WHAT YOU NEED TO DO:
Show every line from the entries that follow which holds the word "Shower".
**** DATASET EXTRACT
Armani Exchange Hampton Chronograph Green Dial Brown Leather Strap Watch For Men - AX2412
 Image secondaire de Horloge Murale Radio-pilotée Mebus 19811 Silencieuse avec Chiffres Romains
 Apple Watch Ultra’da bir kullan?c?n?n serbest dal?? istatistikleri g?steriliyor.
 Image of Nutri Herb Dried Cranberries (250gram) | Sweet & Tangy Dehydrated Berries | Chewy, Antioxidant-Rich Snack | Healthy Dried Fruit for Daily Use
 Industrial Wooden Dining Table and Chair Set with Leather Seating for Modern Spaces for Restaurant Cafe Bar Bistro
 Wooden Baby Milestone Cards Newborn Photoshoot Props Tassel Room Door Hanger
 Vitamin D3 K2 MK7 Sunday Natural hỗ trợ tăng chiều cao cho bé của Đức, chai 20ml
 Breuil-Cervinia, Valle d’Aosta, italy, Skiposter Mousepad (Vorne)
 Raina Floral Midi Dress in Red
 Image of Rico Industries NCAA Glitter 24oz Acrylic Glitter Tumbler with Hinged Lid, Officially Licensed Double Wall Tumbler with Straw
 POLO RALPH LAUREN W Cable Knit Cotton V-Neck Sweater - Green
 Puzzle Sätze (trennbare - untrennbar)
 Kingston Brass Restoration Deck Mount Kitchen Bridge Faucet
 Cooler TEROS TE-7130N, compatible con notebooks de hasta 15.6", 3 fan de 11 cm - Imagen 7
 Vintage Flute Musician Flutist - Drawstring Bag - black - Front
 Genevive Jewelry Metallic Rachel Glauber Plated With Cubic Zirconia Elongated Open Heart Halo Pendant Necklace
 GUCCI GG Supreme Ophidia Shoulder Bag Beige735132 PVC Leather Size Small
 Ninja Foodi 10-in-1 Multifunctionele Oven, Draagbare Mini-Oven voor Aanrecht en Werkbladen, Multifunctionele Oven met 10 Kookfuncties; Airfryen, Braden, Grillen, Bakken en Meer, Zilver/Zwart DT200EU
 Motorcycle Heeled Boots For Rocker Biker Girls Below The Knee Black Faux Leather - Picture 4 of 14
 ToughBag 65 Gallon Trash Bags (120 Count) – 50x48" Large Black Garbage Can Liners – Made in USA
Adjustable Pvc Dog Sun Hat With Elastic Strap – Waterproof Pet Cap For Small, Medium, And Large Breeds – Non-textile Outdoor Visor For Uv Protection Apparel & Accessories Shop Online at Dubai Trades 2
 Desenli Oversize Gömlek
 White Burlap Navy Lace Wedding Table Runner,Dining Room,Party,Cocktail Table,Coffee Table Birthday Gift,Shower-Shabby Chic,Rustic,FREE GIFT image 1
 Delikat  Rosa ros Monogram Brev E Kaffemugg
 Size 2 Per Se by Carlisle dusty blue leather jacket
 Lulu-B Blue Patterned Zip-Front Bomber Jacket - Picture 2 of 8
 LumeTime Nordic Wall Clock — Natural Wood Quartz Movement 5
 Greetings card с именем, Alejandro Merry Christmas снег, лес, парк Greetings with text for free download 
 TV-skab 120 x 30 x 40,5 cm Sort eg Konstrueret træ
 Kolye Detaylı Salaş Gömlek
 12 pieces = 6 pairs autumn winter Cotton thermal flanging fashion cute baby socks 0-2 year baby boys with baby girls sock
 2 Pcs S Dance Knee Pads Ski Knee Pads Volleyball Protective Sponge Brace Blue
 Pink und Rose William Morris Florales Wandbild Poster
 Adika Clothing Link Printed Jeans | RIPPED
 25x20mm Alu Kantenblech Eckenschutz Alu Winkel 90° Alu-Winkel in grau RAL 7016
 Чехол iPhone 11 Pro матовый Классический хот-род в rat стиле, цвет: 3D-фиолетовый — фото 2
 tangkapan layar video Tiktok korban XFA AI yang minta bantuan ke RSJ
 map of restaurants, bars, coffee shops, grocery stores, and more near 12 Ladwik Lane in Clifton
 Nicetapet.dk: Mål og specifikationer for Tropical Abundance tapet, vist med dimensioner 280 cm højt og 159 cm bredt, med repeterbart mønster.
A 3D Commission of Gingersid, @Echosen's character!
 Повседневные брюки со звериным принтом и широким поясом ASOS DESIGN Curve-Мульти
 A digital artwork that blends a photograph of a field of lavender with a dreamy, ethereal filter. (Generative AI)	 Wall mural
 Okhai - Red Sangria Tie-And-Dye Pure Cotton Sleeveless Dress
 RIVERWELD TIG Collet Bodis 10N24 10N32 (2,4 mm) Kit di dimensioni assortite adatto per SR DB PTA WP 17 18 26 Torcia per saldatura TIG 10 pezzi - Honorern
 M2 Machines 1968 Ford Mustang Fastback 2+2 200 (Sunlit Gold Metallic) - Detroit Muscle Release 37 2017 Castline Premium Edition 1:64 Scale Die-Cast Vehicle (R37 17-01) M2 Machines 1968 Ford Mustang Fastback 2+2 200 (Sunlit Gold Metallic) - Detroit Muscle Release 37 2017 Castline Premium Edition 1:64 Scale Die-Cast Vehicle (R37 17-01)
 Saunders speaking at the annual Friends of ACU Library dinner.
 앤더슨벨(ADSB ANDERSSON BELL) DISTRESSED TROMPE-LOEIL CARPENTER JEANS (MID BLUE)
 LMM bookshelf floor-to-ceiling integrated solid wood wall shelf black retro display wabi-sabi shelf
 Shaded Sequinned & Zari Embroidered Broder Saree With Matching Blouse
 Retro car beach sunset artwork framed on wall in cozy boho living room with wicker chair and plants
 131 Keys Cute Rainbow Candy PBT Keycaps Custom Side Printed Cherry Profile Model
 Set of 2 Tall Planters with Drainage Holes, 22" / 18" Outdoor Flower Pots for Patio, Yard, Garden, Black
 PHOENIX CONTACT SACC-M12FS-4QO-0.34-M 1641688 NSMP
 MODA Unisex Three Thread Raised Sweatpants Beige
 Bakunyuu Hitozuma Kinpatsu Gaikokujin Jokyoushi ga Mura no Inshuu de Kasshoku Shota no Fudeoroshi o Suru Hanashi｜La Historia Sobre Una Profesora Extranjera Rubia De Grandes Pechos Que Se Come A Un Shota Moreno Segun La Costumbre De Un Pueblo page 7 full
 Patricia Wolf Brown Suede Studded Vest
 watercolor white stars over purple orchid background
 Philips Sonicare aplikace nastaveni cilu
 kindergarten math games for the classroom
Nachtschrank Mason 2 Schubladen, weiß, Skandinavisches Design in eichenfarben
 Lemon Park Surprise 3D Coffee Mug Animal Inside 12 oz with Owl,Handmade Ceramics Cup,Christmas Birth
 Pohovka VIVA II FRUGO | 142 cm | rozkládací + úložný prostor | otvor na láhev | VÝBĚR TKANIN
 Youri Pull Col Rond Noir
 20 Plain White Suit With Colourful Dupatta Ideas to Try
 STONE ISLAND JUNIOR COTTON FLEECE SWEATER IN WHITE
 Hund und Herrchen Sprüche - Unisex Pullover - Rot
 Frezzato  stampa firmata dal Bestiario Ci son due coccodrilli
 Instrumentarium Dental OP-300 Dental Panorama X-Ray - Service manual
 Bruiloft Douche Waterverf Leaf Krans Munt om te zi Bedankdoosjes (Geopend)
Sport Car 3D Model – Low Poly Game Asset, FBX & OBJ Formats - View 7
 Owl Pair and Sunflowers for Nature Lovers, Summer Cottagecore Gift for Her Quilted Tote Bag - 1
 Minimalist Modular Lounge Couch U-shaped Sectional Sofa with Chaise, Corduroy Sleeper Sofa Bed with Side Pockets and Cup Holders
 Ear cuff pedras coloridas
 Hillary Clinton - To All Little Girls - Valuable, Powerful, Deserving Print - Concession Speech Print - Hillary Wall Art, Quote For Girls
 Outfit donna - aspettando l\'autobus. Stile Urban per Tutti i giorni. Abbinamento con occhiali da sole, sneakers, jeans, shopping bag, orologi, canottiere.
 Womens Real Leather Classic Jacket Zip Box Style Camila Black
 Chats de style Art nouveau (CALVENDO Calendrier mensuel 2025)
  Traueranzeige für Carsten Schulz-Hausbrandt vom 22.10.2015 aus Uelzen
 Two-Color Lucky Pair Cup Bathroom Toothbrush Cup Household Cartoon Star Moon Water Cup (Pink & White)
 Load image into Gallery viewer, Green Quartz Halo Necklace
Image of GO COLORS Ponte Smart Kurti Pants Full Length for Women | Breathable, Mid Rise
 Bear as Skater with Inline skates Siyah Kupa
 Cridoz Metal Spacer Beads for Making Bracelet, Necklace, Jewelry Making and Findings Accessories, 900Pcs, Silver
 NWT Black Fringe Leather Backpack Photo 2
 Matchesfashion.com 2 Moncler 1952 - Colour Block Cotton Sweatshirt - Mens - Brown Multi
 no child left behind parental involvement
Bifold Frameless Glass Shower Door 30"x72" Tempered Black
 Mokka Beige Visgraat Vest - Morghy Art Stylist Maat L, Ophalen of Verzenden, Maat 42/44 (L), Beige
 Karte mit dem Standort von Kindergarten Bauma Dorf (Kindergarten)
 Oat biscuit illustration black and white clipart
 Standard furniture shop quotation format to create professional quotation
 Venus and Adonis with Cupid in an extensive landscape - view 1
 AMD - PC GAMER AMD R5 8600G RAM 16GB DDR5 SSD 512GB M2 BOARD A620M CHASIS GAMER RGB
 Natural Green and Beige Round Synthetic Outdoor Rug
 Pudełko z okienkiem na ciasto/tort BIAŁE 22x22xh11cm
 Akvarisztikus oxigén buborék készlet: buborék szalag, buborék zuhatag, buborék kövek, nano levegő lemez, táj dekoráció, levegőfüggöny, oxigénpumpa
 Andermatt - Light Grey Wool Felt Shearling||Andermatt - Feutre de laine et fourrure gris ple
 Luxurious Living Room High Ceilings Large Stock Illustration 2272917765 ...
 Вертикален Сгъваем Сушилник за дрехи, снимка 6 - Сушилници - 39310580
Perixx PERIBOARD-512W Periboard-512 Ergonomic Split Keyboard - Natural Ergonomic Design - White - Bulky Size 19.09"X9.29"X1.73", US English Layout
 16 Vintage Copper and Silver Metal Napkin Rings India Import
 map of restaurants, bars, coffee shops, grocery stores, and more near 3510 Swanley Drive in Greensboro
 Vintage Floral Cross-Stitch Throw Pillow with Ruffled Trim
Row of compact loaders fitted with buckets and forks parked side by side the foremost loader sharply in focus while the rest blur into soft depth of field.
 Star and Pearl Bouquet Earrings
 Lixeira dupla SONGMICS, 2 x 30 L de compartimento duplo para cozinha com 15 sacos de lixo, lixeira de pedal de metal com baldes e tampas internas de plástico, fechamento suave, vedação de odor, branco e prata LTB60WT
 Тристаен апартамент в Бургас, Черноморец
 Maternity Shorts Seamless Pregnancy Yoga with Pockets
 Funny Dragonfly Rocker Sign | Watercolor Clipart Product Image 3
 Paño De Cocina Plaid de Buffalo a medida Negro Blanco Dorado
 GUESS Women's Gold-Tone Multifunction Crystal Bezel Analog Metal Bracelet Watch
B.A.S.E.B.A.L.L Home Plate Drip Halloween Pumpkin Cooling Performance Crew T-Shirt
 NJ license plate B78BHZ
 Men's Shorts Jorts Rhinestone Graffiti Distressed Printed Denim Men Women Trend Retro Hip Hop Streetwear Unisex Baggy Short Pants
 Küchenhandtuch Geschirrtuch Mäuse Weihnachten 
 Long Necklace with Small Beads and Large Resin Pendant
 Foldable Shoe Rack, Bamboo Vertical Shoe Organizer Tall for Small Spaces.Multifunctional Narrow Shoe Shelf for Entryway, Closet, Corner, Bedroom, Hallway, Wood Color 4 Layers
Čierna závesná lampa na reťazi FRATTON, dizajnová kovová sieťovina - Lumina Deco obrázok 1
********
RESPONSE TO THE TASK:
 White Burlap Navy Lace Wedding Table Runner,Dining Room,Party,Cocktail Table,Coffee Table Birthday Gift,Shower-Shabby Chic,Rustic,FREE GIFT image 1
Bifold Frameless Glass Shower Door 30"x72" Tempered Black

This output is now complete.